Fig 3. Reovirus undergoes microtubule-dependent fast axonal transport in neurons.

(A) CNs were treated with the drugs shown, adsorbed with T3SA+ virions, and viral puncta transported per field-of-view were enumerated following treatment. Bars indicate mean values from at least two independent experiments, each with one to two samples, normalized to untreated control. Error bars indicate SEM. Individual data points are averages from 8 to 12 fields-of-view from each sample. Values that differ significantly from control by ANOVA and Dunnett's test are indicated (****, P < 0.0001). (B-E) CNs or DRGs were adsorbed with fluorescently-labeled T1L, T3SA+, or T3SA- virions for 30 min. The inoculum was removed, and the motion of virions was recorded using live-cell fluorescence imaging. (B) Time-lapse images of representative fields are shown for T3SA+ with positions of individual puncta tracked over time with discrete arrows or arrowheads. (C) Kymographs corresponding to B show the positions (x) of individual puncta along an axon over time (t).

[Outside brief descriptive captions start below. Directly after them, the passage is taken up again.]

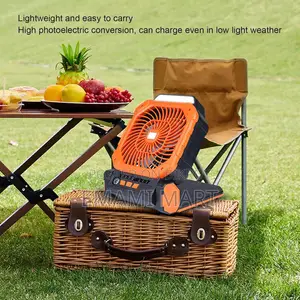 7800mAh Solar Camping Fan, Portable Rechargeable Battery Operated Fan 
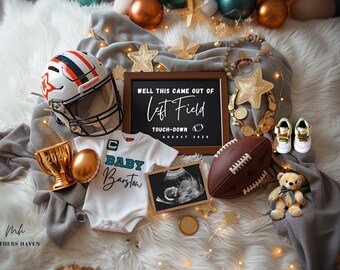 Digital pregnancy announcement, American football theme editable template, left field, instagram, facebook, touch down, expecting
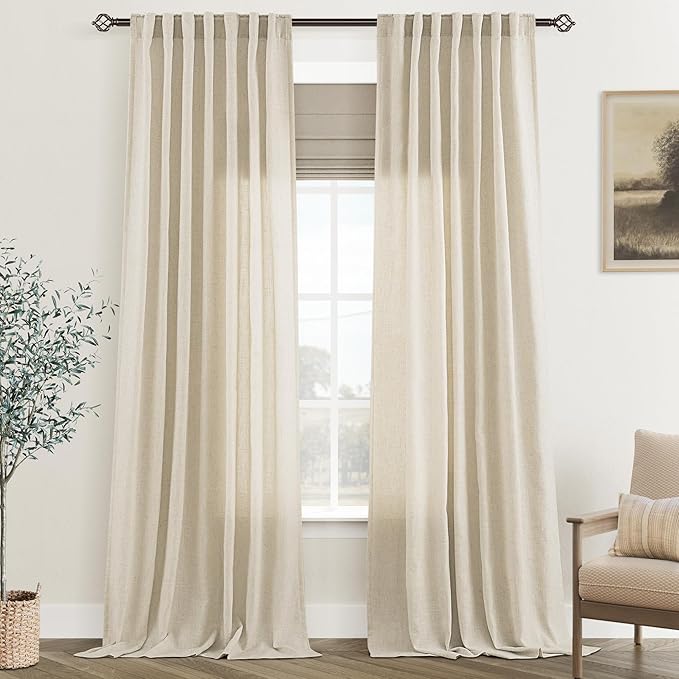 Faux Linen Beige Curtains 120 Inches Long for Living Room Rustic Farmhouse Semi Sheer Burlap Textured Canvas Cloth Curtain Panels Set of 2 Khaki Tan Colored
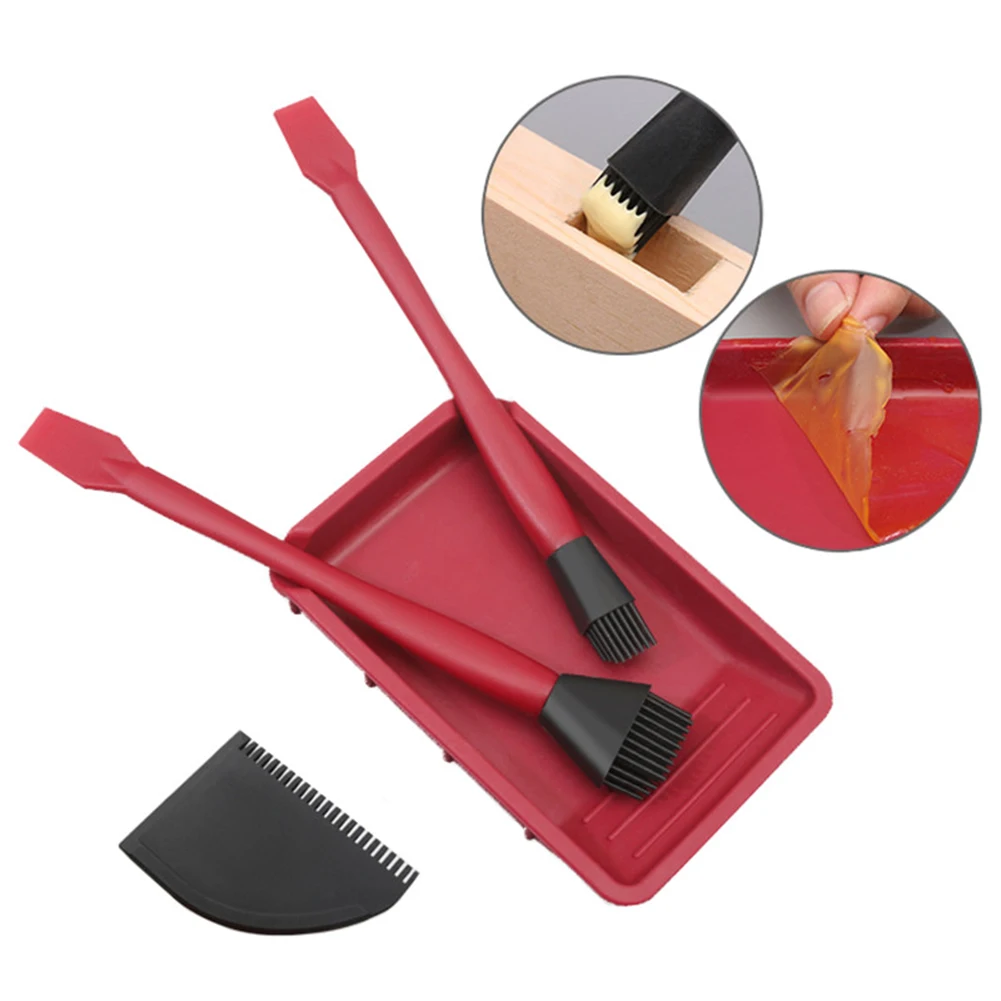 

4pcs Silicone Woodworking Glue Tools Kit with Wide Brush Narrow Brush Flat Scraper Glue Tray Wood Gluing Applicator Set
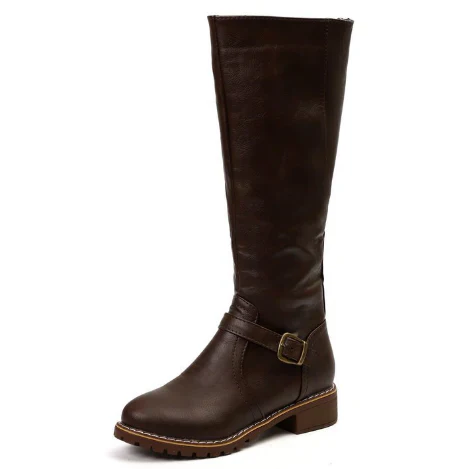 Dark brown knee-high boot displayed side-on with buckle strap detail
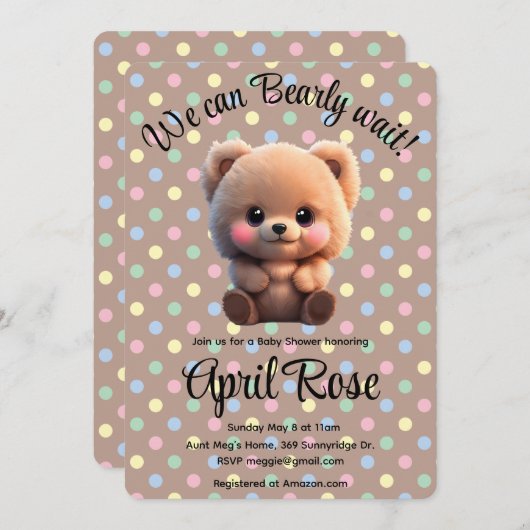 Invitation On peut Bearly Wait mignon Baby shower ours en pel (Devant / Derrière)
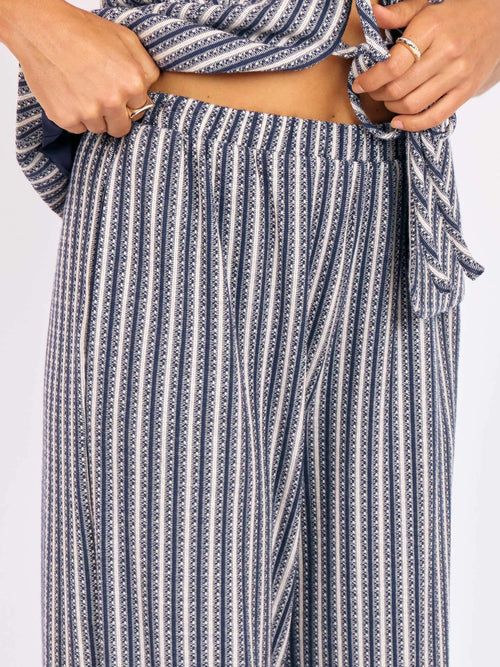 Firefly Knit Pants in Navy Ivory - detail view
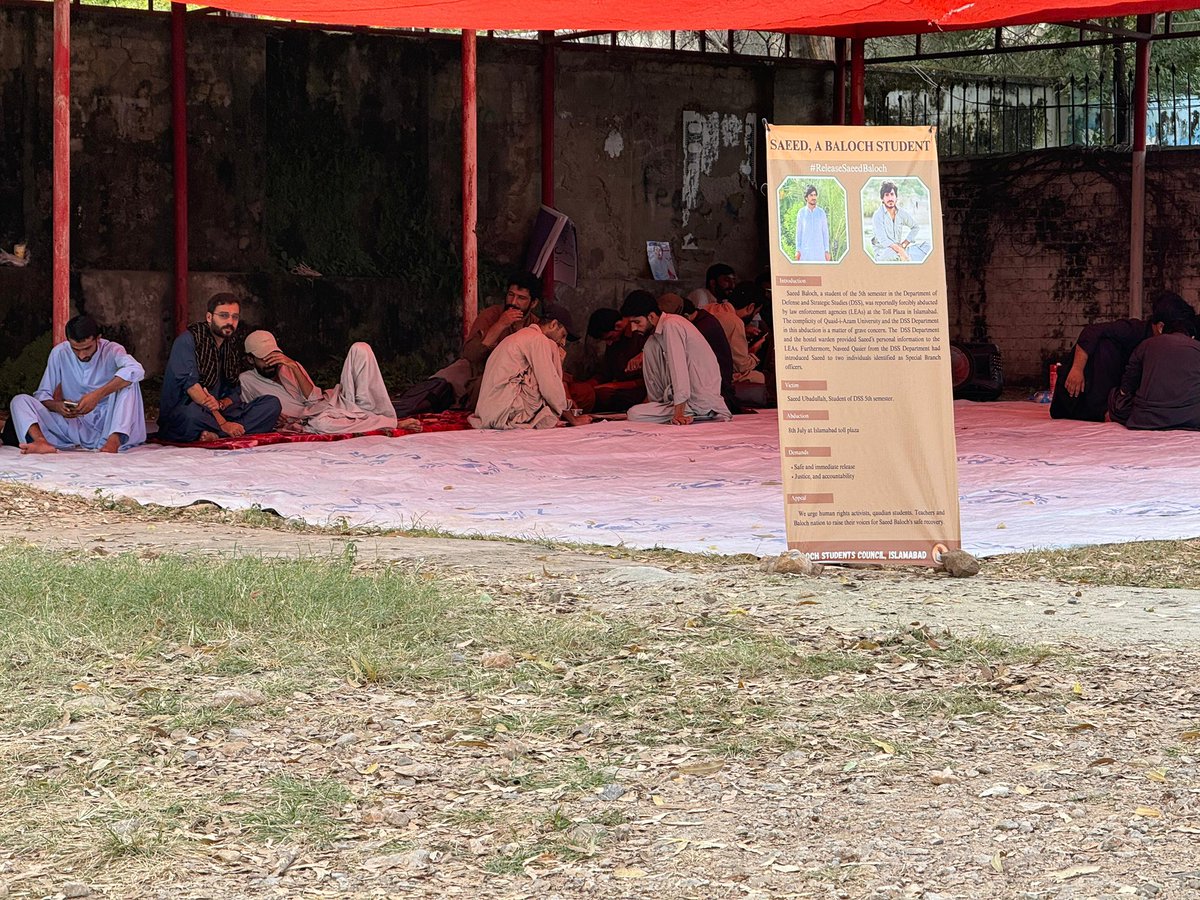 BSCIslamabad's tweet photo. Today marks the 3rd day of the sit in camp inside qau. Despite addressing our concerns, qau administration and authorities have opted to harass the participants. We once again make it clear that we will not bow to such unjust policies. We will continue our movement until the https://t.co/ypbmKgUqr6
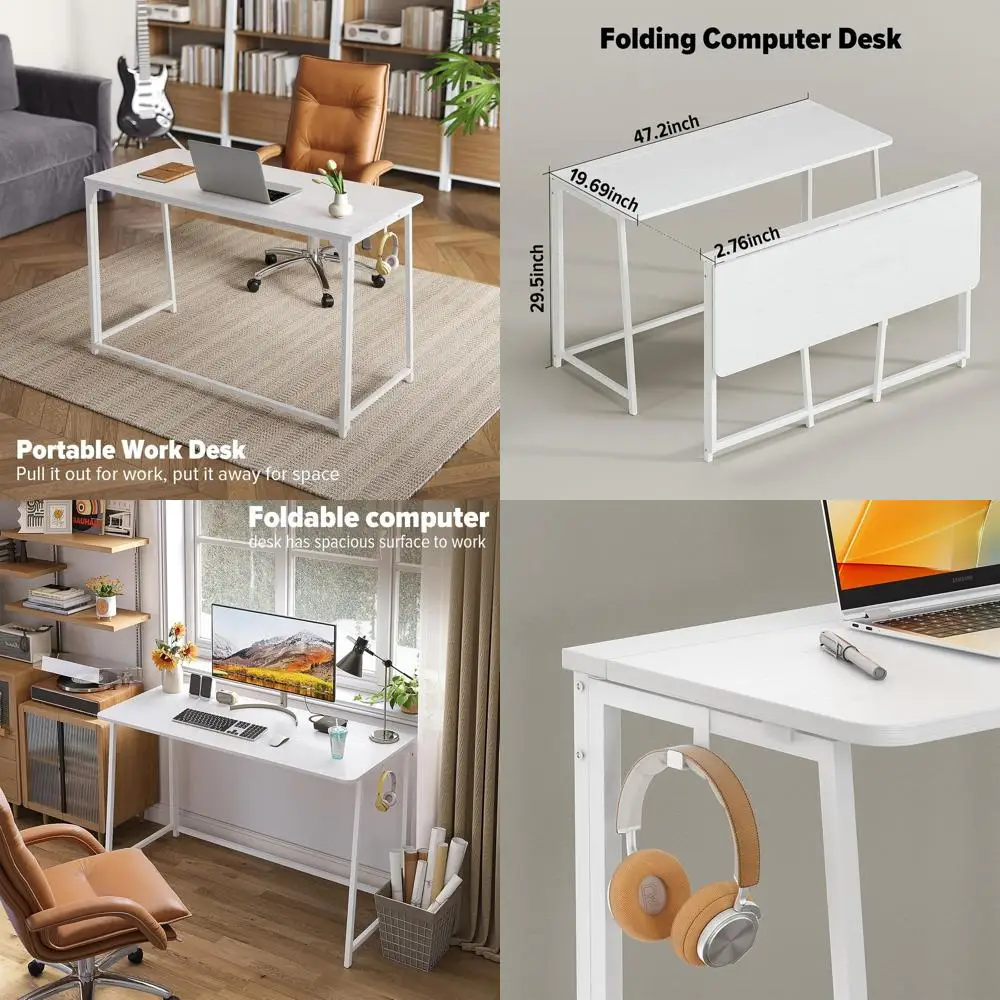 Space-Saving 47.2 White Foldable Desk for Home Office, Bedroom, Easy Assembly, Writing Workstation
Space-Saving 47.2 White Foldable Desk for Home Office, Bedroom, Easy Assembly, Writing Workstation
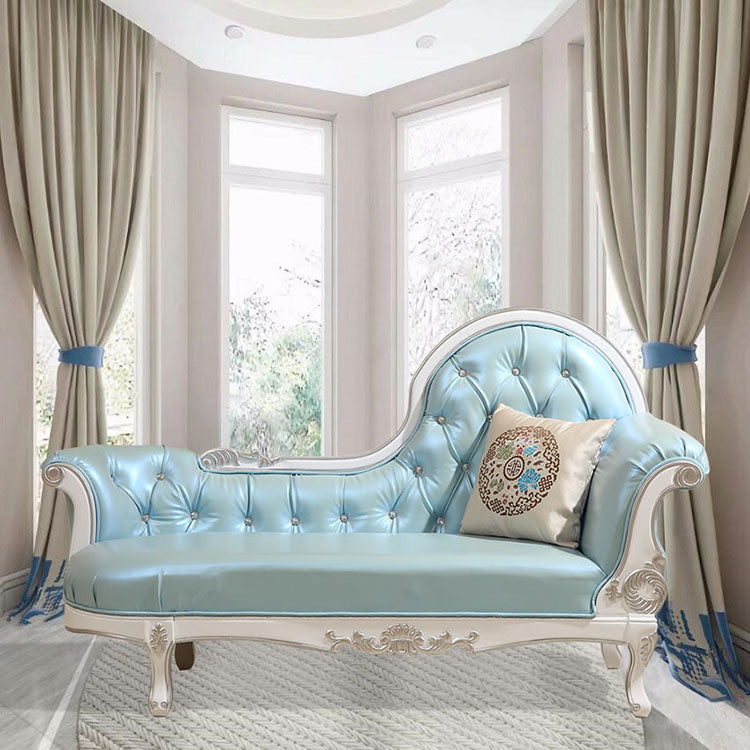 Modern Glam Upholstered Chaise Lounge Couch Rolled Arms Chaise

Scale bars, 5 μm. (D) Track speed was calculated for the reovirus strains shown as the overall distance traveled by each fluorescent reovirus puncta during the tracked interval (n > 300 tracks). MF refers to neurons cultured in microfluidic devices. Bars indicate medians, and error bars indicate 95% confidence intervals. (E) Fluorescent puncta transported for distances greater than 5 μm in each 82 x 82 μm field-of-view during 1 min of live-cell imaging were enumerated. Bars indicate means normalized to T3SA+, and error bars indicate SEM. Individual data points are averages from 8 to 12 fields-of-view for each sample. Values that differ significantly from T3SA+ by ANOVA and Dunnett's test are indicated (*, P < 0.05; **, P < 0.01; ****, P < 0.0001).